A reality of practicing statistics in these field, however, is that most data sets are more complex than the example that we saw in the last notes, where there were only two variables. Most phenomena have many different variables that relate to one another in complex ways. We need a more more powerful tool to help guide us into these higher dimensions.
Scatterplots of three variables
In studying the Grammar of Graphics, we learned how Hans Rosling’s Gapminder visualization used location along the x, location along the y, color, size, and time to encode not just two but five different data dimensions in his scatter plot. We start with a more modest goal. Let’s build a scatter plot - and a corresponding linear model - that summarizes data in three variables, and let’s turn to a data set not from public health but the world of food.

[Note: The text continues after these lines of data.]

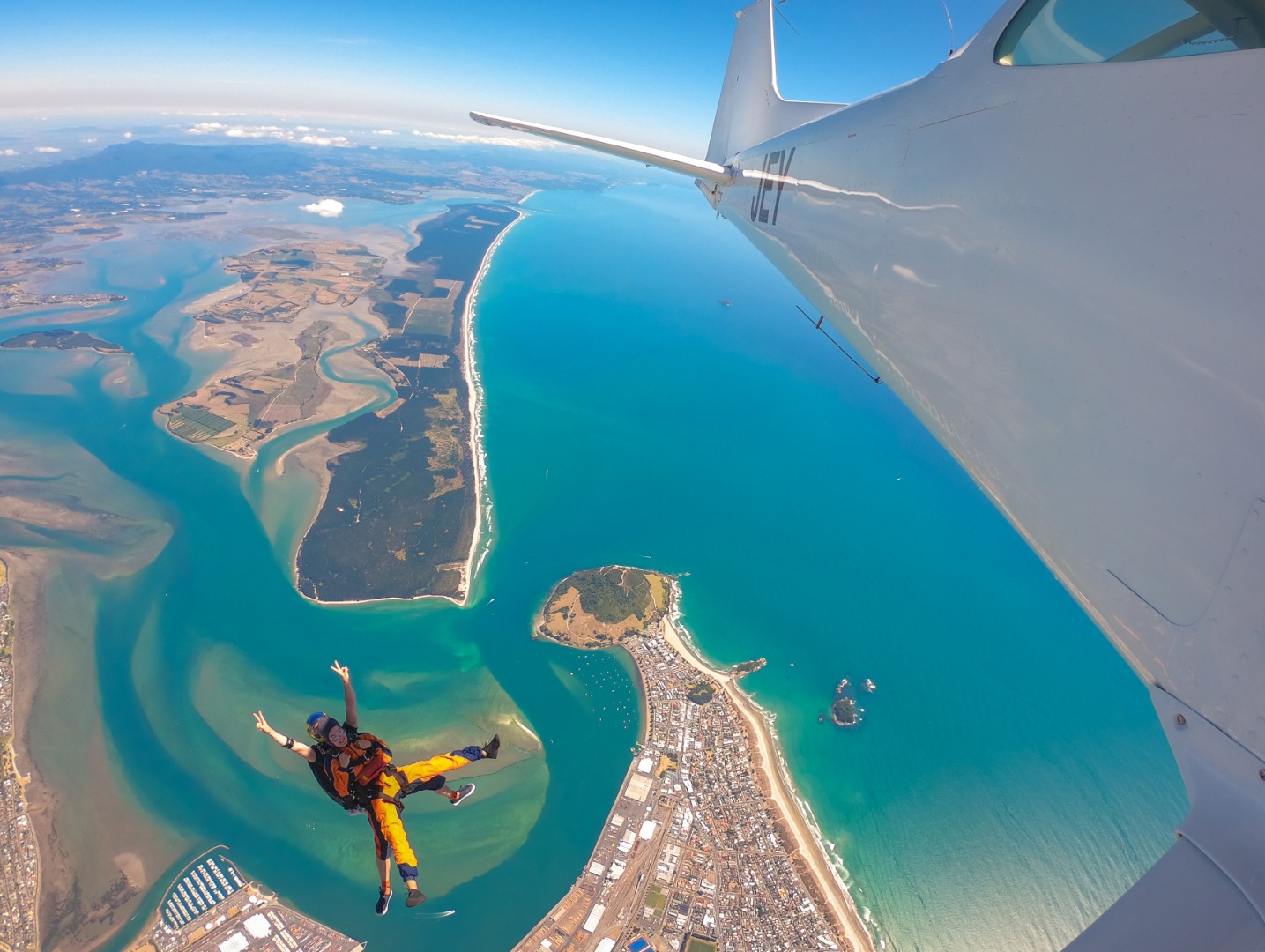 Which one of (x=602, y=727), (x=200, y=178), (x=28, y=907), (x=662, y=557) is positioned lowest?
(x=28, y=907)

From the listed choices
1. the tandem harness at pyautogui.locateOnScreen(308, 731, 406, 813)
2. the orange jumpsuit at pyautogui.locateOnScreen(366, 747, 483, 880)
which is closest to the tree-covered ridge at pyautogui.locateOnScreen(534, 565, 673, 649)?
the orange jumpsuit at pyautogui.locateOnScreen(366, 747, 483, 880)

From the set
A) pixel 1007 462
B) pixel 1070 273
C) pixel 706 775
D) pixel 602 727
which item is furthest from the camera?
pixel 602 727

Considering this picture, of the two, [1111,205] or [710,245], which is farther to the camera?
[710,245]

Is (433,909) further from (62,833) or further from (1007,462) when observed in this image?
(1007,462)

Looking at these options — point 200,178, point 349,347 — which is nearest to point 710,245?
point 349,347

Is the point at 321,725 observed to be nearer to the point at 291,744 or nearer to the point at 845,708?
the point at 291,744

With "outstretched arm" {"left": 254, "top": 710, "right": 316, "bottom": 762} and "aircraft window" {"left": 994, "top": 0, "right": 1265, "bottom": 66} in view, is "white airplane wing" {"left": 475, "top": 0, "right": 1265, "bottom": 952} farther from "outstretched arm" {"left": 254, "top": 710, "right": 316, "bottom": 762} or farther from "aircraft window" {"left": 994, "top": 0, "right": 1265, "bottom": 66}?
"outstretched arm" {"left": 254, "top": 710, "right": 316, "bottom": 762} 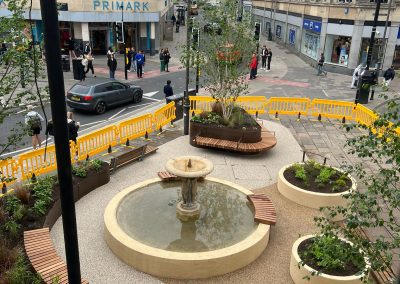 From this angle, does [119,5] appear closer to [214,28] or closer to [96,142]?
[214,28]

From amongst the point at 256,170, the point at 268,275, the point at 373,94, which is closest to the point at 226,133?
A: the point at 256,170

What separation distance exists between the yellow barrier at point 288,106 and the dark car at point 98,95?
281 inches

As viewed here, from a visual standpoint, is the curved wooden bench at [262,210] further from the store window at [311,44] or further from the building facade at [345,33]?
the store window at [311,44]

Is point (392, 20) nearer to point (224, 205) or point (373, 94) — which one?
point (373, 94)

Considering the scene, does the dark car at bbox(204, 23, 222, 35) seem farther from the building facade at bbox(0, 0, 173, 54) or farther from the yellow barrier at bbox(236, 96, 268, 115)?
the building facade at bbox(0, 0, 173, 54)

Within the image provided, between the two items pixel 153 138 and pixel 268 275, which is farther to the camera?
pixel 153 138

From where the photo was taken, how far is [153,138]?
16.1 m

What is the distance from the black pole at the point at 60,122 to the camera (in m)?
3.90

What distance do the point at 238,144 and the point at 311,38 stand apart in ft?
77.8

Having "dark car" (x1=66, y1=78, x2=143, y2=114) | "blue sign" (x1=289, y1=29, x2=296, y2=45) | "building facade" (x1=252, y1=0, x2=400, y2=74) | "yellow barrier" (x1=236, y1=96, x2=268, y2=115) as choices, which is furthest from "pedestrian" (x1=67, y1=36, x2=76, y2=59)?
"blue sign" (x1=289, y1=29, x2=296, y2=45)

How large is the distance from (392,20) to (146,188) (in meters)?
24.4

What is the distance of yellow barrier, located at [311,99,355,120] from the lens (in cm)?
1902

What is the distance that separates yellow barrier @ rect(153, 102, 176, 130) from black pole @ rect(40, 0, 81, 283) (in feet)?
38.5

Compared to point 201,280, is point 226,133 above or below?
above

Hans Rosling’s Gapminder visualization
The Zagat Guide was for many years the authoritative source of restaurant reviews. Their approach was very different from Yelp!. Zagat’s review of a restaurant was compiled by a professional restaurant reviewer who would visit a restaurant and rate it on a 30 point scale across three categories: food, decor, and service. They would also note the average price of a meal and write up a narrative review.
Here’s an example of a review from an Italian restaurant called Marea in New York City.
In addition to learning about the food scores (27), and getting some helpful tips (“bring your bank manager”), we see they’ve also recorded a few more variables on this restaurant: the phone number and website, their opening hours, and the neighborhood (Midtown).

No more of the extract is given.